The theory is that such payouts have to be available so that company leaders will pursue strategies that are the best course for the firm, even if they end up costing them their jobs. Without exorbitant golden parachutes worth tens of millions of dollars, executives would steer clear of mergers or other such deals because they want to keep cashing their fat paychecks. Hmmm.
So without a giant exit package to entice them, companies can’t trust their top people to make the best decisions. In any other case, those people would be fired! Instead, companies buy their loyalty for obscenely large amounts of money.
How does that make sense?
There is an oversight group that is supposed to make sure companies are run in the best interest of their owners. The group is called “the board of directors.” They also approve pay packages. The problem is that directors are most often plucked from current and former management of other companies. These people are used to obscenely fat paychecks and golden parachutes, so how can anyone expect objective thought in the room?
But let’s not forget one more important point in all this. The money they’re toying with is other people’s money.
If you own shares of Time Warner Cable, tell Robert Marcus “you’re welcome.” None of this would be possible if there wasn’t so much of “other people’s” money sloshing around the system. This is just another example of how shareholders and savers get taken advantage of in a system pitted against them.

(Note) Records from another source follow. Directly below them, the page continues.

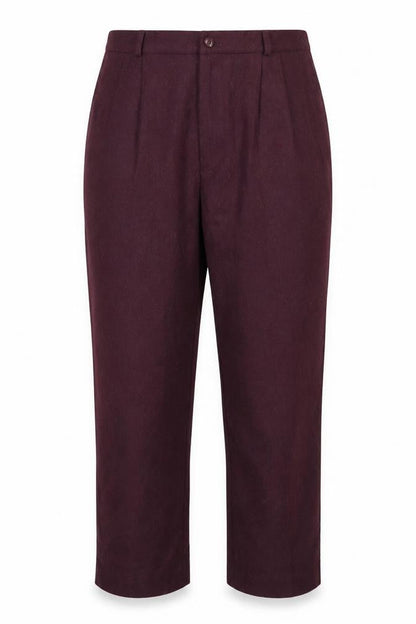 Farah Vintage Women’s Purple Wool Blend High Rise Pleated Trousers Size 16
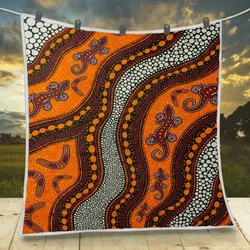 Aboriginal Dot Painting Quilt Hunting Goanna Orange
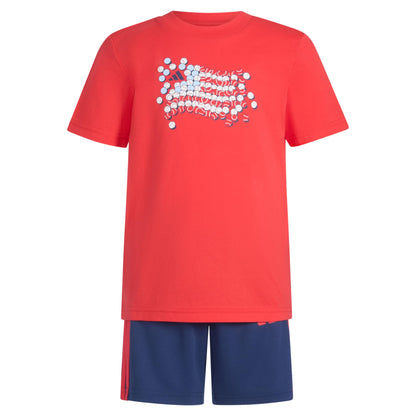 adidas Boys' Short Sleeve Cotton Tee Shirt and 3-Stripe Short Set, Pure Ruby, 3T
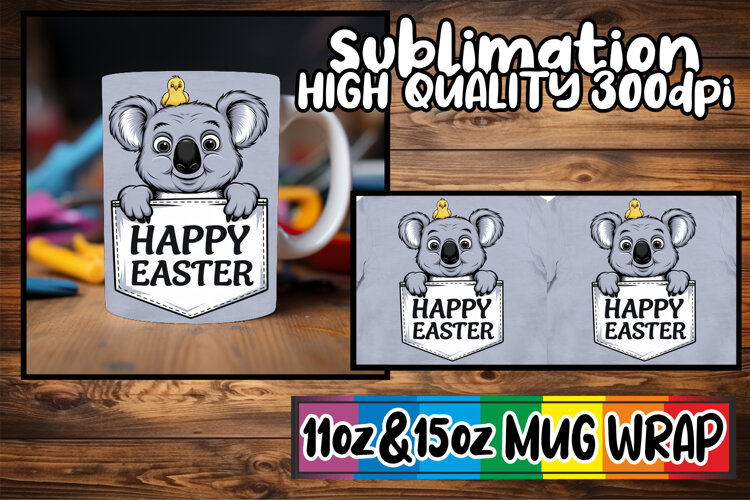 Playful mornings 11oz 15oz sublimation wrap, Easter Animals example image 1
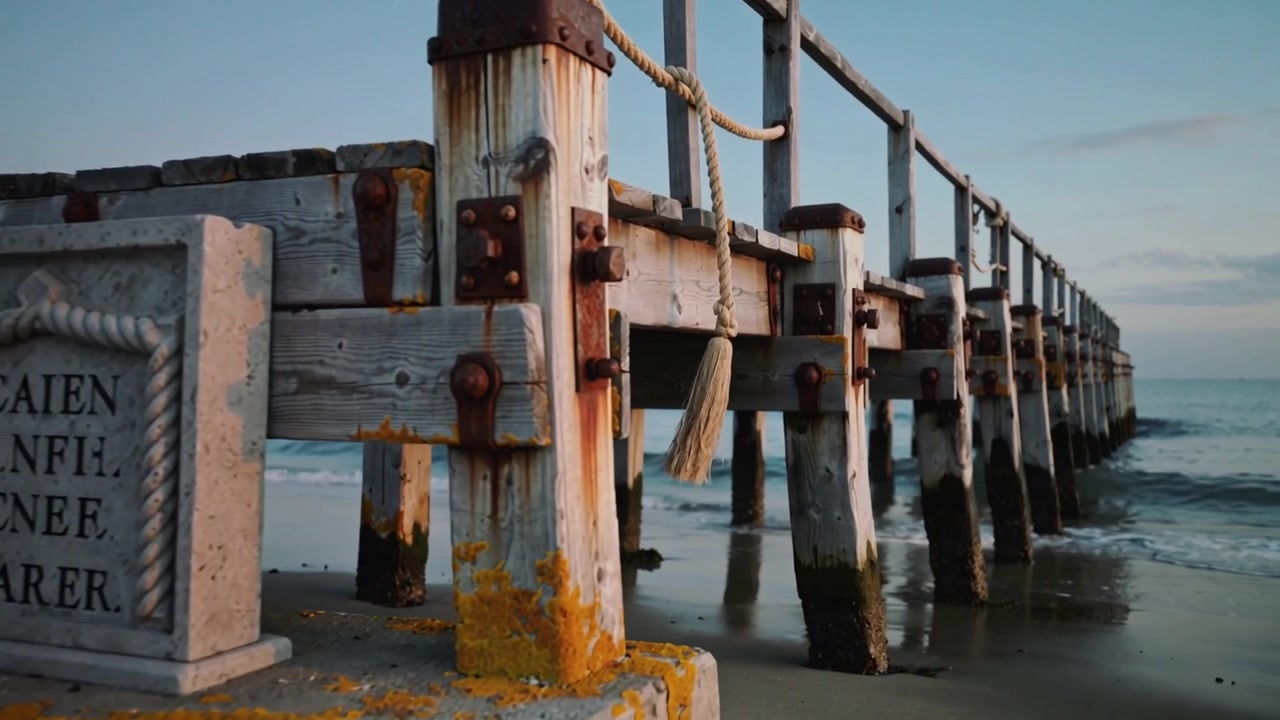 Panning camera moving right and lowering across weathered jetty at shoreline, revealing rope tassel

Even if we don’t like it, what are shareholders to do? There are precious few places to invest money that have the same liquidity and transparency as equities.
At some level, preparing for retirement forces us to participate in Wall Street’s game. Annuities, bonds, and other streams of income often aren’t enough. Most people need the gains associated with equities if they want to have a decent standard of living in their golden years. And since the Fed has spent six years strangling the fixed income market with exceptionally low rates, equity returns have become that much more important to investors’ portfolios.
But this will change in the coming years, when a market crash sends a shock through the system and interest rates eventually move higher. When this happens, it will give investors the motivation they need to step away from Wall Street’s big casino, at least as far as stocks are concerned. After that, it could be a long time before stocks recover their luster.
That could spell the end of such crazy practices as nine-figure golden parachutes. Maybe some of those funds will find their way back to shareholders — or into the average worker’s paycheck.